When a pressure drop develops between the input and the output of one of the ATPs, due to the accumulation of solid impurities (H₂, N₂, O₂), an ATP regeneration process is automatically initiated. The input and the output gas ports of the given ATP are closed, so that this ATP is now isolated and the entire ATP Dewar volume is heated up to around 130 K so that all the low-vapor pressure impurities, collected in solid form, for example, H₂, N₂ and O₂, are sublimated and released to the atmosphere through a vent valve. Before restarting a new purification cycle, the ATP cools down again to the temperature of normal operation at 10 K.

Nevertheless, as we have seen in Section 5.2, some getter materials are capable of eliminating other impurities besides hydrogen; the chemical reactions are competitive. Therefore, if the input gas contains other impurities (e.g., some ppms of O₂, N₂, H₂O, etc.), the getter duration until the saturation is reduced significantly.

In the first version of the “Clean Helium” plant, we used a getter placed after the commercial pure helium (99.999%, less than y_j < 10⁻⁵ in total) bottles (Figure 7). With this configuration, we were able to produce hydrogen-free liquid helium in 3 months. From that moment, impedance blockages start to appear due to the saturation of the NEG produced by the presence of different impurities (N₂, O₂, CO, CO₂, etc).

The purified helium at the ATP output, with a working temperature < 20 K, has a negligible concentration of molecular content (yj < 10⁻¹⁴) of all impurity constituents (i.e., N₂, O₂, H₂O, CO₂, etc.) except for the neon and hydrogen case (see Figure 4). The neon is not a problematic substance for the impedance clogging issue, since at liquid helium temperature (4.2 K at P_atm), the vapor pressure is negligible; besides, if there exists a molecular concentration at higher temperatures, it is not affected by the getter material because it is a noble gas like helium. Therefore, the best place to put the hydrogen grabber is at the ATP output (Figure 6), when the helium is extremely pure. In fact yj < 10⁻¹⁴ for all the substances except for the H_2; thus, the unique function of the getter is to capture H₂. In this way, the process is optimized and the life of the getter material extends.

The “Clean helium” gas produced by the Clean Helium Recovery Plant (Figure 6) is ultimately liquefied in a commercial ATL and transferred directly or by intermediate transport Dewars into the application instruments.
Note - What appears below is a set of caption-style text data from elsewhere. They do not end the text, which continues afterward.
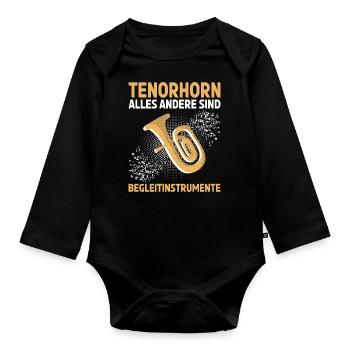 Tenorhorn Blechblasinstrument Musikinstrument - Baby Bio-Langarm-Body - Schwarz - Vorne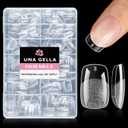 UNA GELLA Short Square & Squoval Nail Tips 216pcs Pre-Etched Short Square Round Oval Press on Nails Squoval Clear Acrylic Fake Full Cover Gel Nails Tips for Nail Extensions Home DIY Salon 12 Sizes
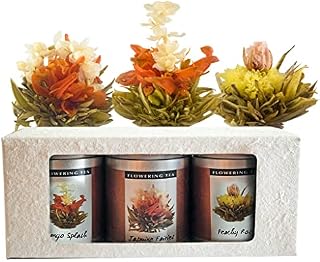 The Exotic Teapot - Flowering Tea Selection Box, 3 Sampler Tins of Blooming Tea, Jasmine Flower Tea Balls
The evaporated gas from non-H₂ sensitive instruments, that could be initially filled with commercial non-“Clean” liquid (e.g., NMRs, MEGs, high field magnet cryostats, etc.), and can have a hydrogen quantity equal or below that corresponding to the vapor pressure of the hydrogen at 4.2 K and 100 kPa (i.e., yH2 = 3.5 ∙ 10⁻¹⁰), is also collected in the gas bag, compressed and injected again in the ATPs for purification and complete elimination of the H₂ impurities.

The validity of the “Clean helium” plant concept is demonstrated by the fact that impedance blockages have been completely eliminated for more than 3 years, when the plant configuration was implemented in the Cryogenic Liquids Service at the University of Zaragoza [39]. Furthermore, the efficiency of the double purification method presented in this chapter was verified by extra-sensitive H₂ detection techniques presented in [2], for both gas and liquid phases.